* **Exercise goal**
Type out the lines below exactly, from the first through the line holding "ALERO市谷台町(1K/2階)の間取り写真", and include no pictures.

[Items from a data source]
☆ ☆ ☆ ☆ ☆ ☆ ☆
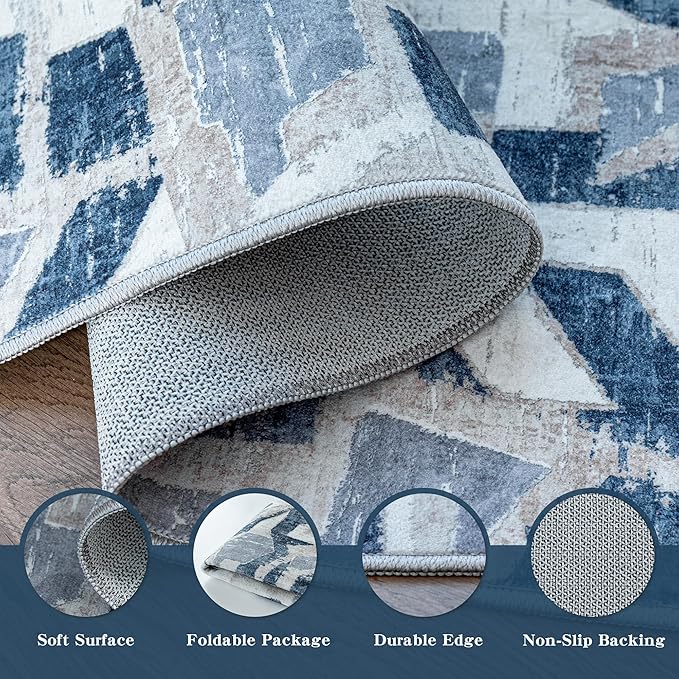 Modern Abstract Blue 5X7 Area Rug for Living Room Bedroom Washable, with Non-Slip Rubber Backing Print Faux Wool Thin, Throw Large Carpet for Kids Playroom Dining Room Pet & Child Friendly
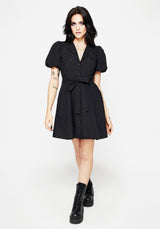 Herbalist Embroidered Mini Shirt Dress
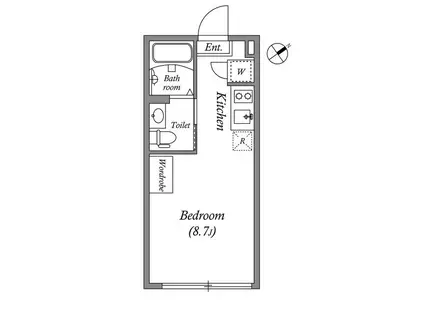ALERO市谷台町(1K/2階)の間取り写真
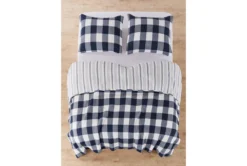 Full/Queen Quilt-3 Piece Set Reversible Farmhouse Buffalo Plaid To Stripe Navy -Estally Home Decor Store 286303 detail 45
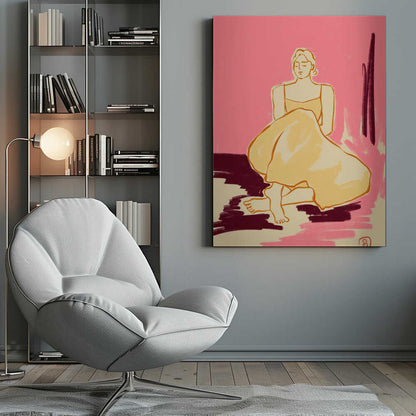 A minimalist illustration of a woman sitting on the floor with her eyes closed. She is wearing a yellow dress, and the background is a bright pink with patches of dark red and cream on the floor, rendered in a painterly style. Artwork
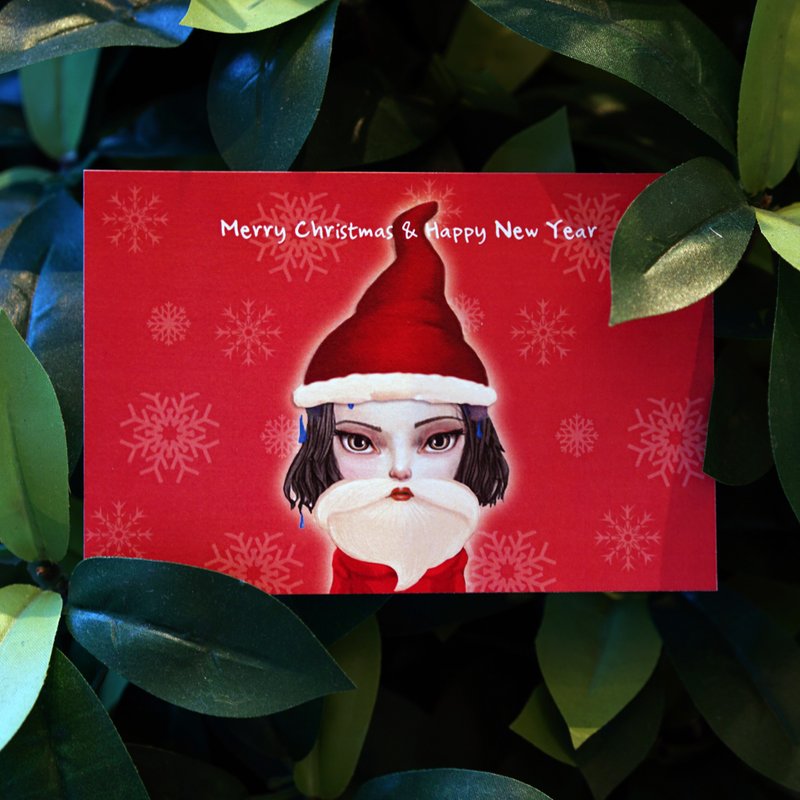 Christmas gift card - Xmas Santa girl! Postcard - Christmas card - Xmas idea gift - Character Design. - 卡片/明信片 - 紙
☆ ☆ ☆ ☆ ☆ ☆ ☆
* **Result of the exercise**
 Modern Abstract Blue 5X7 Area Rug for Living Room Bedroom Washable, with Non-Slip Rubber Backing Print Faux Wool Thin, Throw Large Carpet for Kids Playroom Dining Room Pet & Child Friendly
 Herbalist Embroidered Mini Shirt Dress
ALERO市谷台町(1K/2階)の間取り写真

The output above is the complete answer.